The committee has considered the scientific evidence that shows an impact from land-based pollutants on the Reef. Whilst the committee acknowledges those arguments made by various witnesses and submitters that the evidential base is lacking; the committee, in line with the Australian and Queensland governments, is satisfied that the evidence shows strong linkages between agricultural practices and the decline in water quality in the Reef. Although further research is required in regard to the impact of nutrients on COTS outbreaks, the committee is of the view that the scientific evidence provided that shows there are impacts on the Reef from agricultural pollutants.

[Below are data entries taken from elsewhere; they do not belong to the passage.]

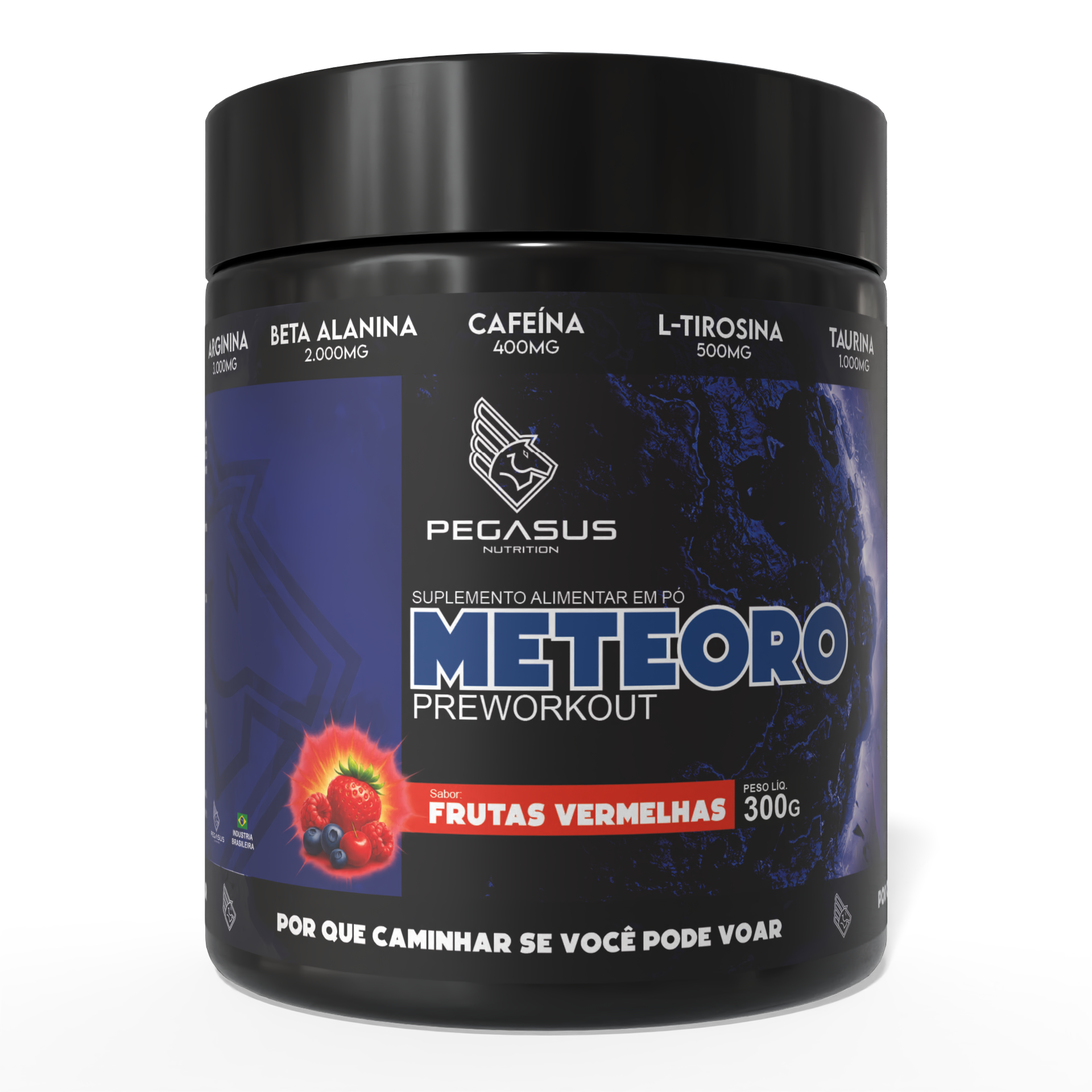 Meteoro Preworkout – Pré-Treino Pegasus Nutrition 300g (Frutas Vermelhas)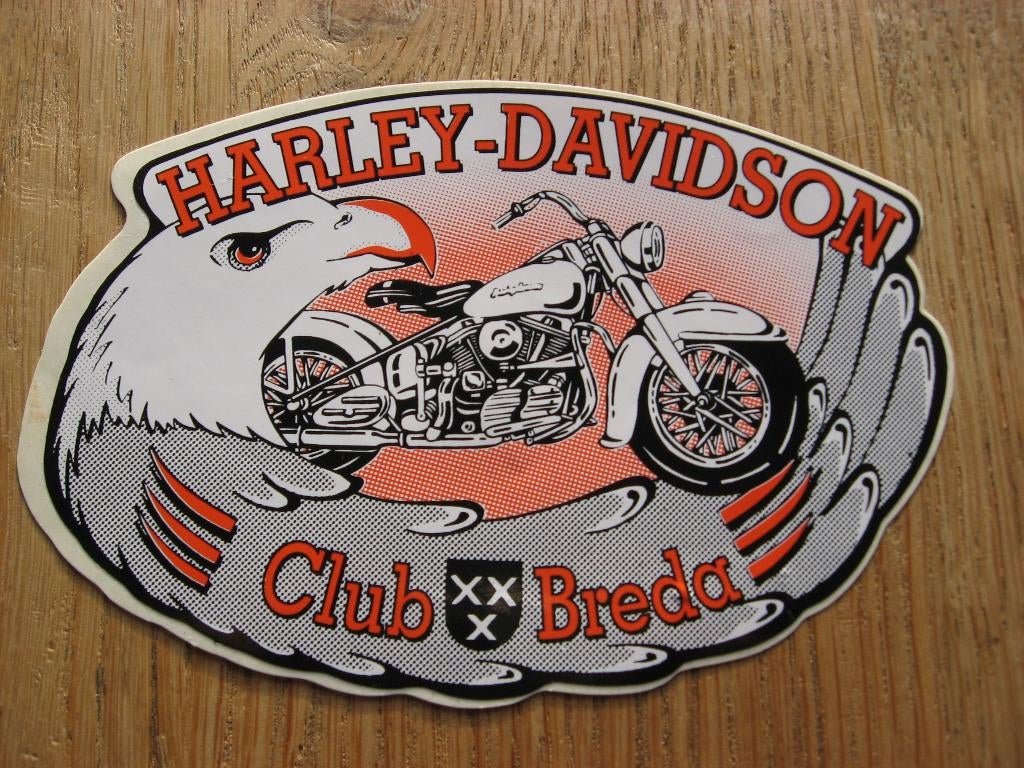 Sticker Harley-Davidson Club Breda, Ophalen, Nieuw, Overige typen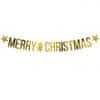 Gold Merry Christmas Banner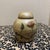 This stunning vintage brass ginger jar features a classic hand-painted cloisonné enamel design. The piece showcases an...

The committee is assured by the rigour and quality of the research regarding coral growth rates and coral cover throughout the Reef, recognising that determining the impacts of climate change, water quality and coral cover loss is a complex ecological question.
The committee also notes that the Australian Government, under the Great Barrier Reef Marine Park Act 1975, is governed by the precautionary principle, which means the 'lack of full scientific certainty should not be used as a reason for postponing a measure to prevent degradation of the environment where that are threats of serious or irreversible environmental damage'.
The committee recommends the Australian Government continue to uphold its responsibilities under the precautionary principle in the Great Barrier Reef Marine Park Act 1975.
The committee recognises the primary purpose for pursuing improved water quality is to improve the resilience of the Reef in light of more concerning projections. Namely, the increase in oceanic water temperature that causes mass coral bleaching events, such as those witnessed in 2016, 2017, and more recently, 2020. In addition to warmer waters, the Reef and adjacent catchment regions are likely to experience more severe weather events, such as cyclones, in the decades ahead. These weather events will further exacerbate the challenges faced by the Reef, and the communities reliant upon the Reef for their livelihoods.